Fri Oct 10, 2008 at 08:18:38 AM
Not being much of a mystery fan, I haven't read Dennis Lehane's best-sellers like Mystic River and Gone, Baby, Gone. But I like to rummage around in the often-sneered-at genre of historical fiction, and Lehane's latest is squarely in that category.

The Given Day takes place in Boston just after World War I, when the city was full of anarchists, cops itching to strike over horrid working conditions, a flu epidemic and a clannish world of newly arrived immigrants.

With a cast of finely drawn characters and events that seem sadly inevitable even as they're suspenseful, Lehane easily draws you into the world with hardly a misstep.

His hero is Danny Coughlin, son of a powerful Boston police captain; he's a member of BPD himself but finds himself growing from a man who dismisses the pipe dream of a police strike to leading it.

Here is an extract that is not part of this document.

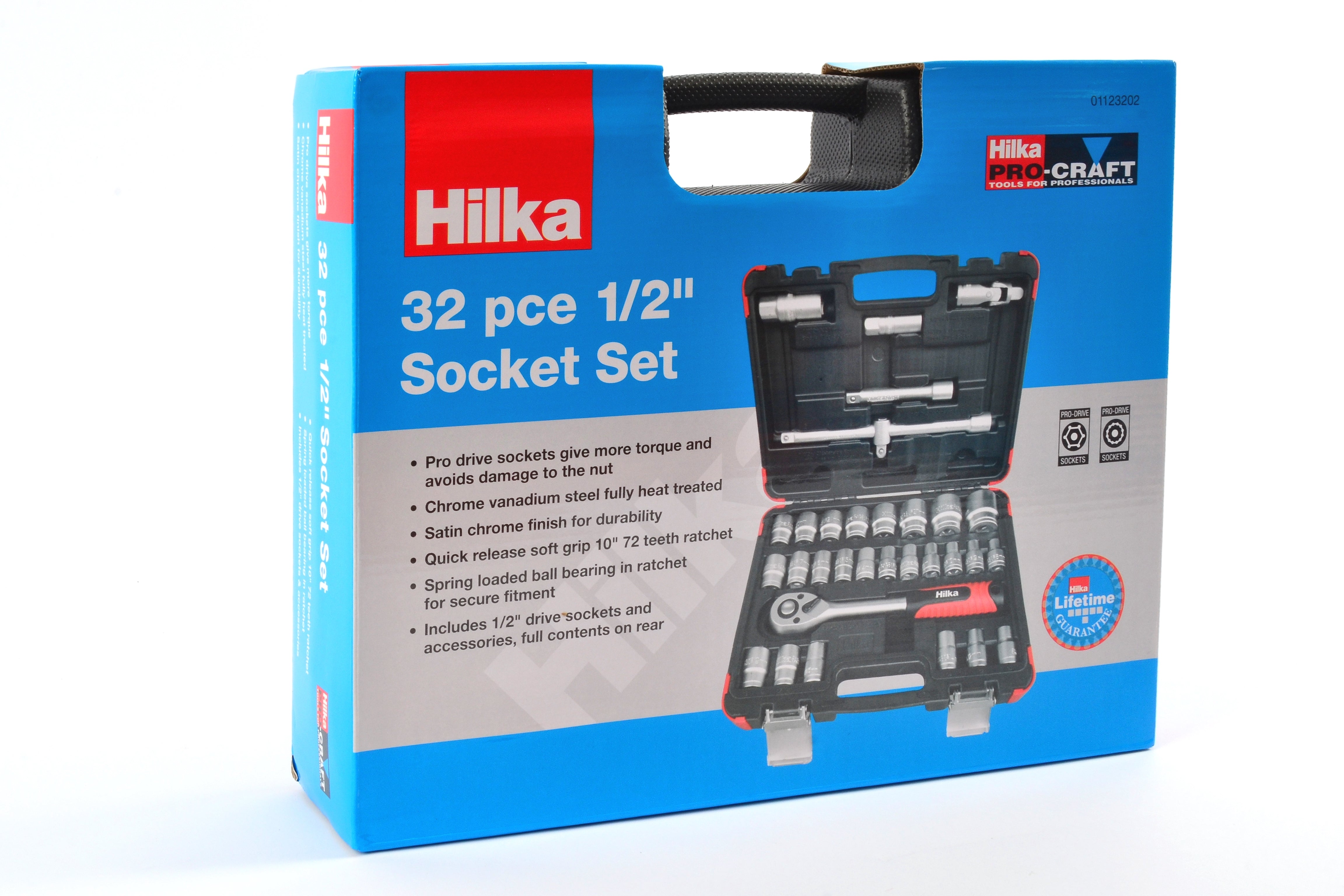 Hilka 32 pce 1/2" Drive Socket Set Metric 01123202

Typical of the genre, there are cameos by real-life figures. But Calvin Coolidge, who rode his breaking of the strike all the way to the White House, is left a blur; Babe Ruth, about to be traded to the Yankees, feels like he belongs in another book.

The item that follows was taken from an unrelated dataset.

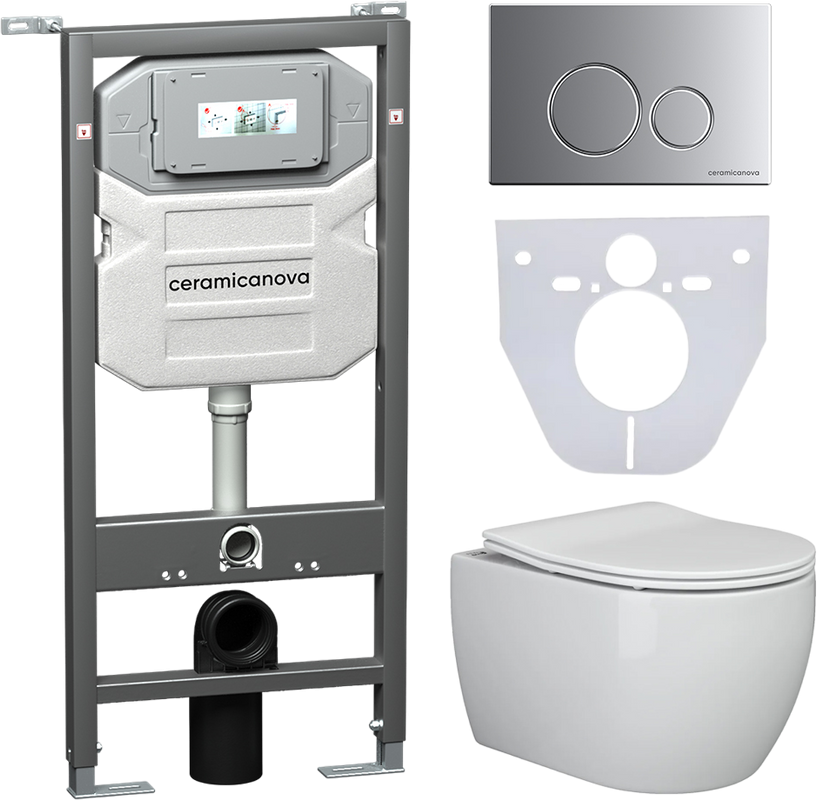Комплект Унитаз подвесной Ceramicanova Play CN3001 безободковый, с микролифтом + Инсталляция Envision CN1001M + Кнопка Round, матовый хром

It's the main story of Coughlin, battling family, tradition and the establishment, that will hold your interest.

Here's hoping this isn't Lehane's only attempt at going back in time.

-- Richard Connelly

Category: Get Lit

1 Comments:

Bob Ruggiero says:

Lehane is one of my favorite contemporary writers, and you should read his Kenzie/Gennaro dectective series. I just picked this book up this week at Murder by the Book and talked with a writer who knows Lehane. He told me this is the first of a Boston historical trilogy he's long talked about doing.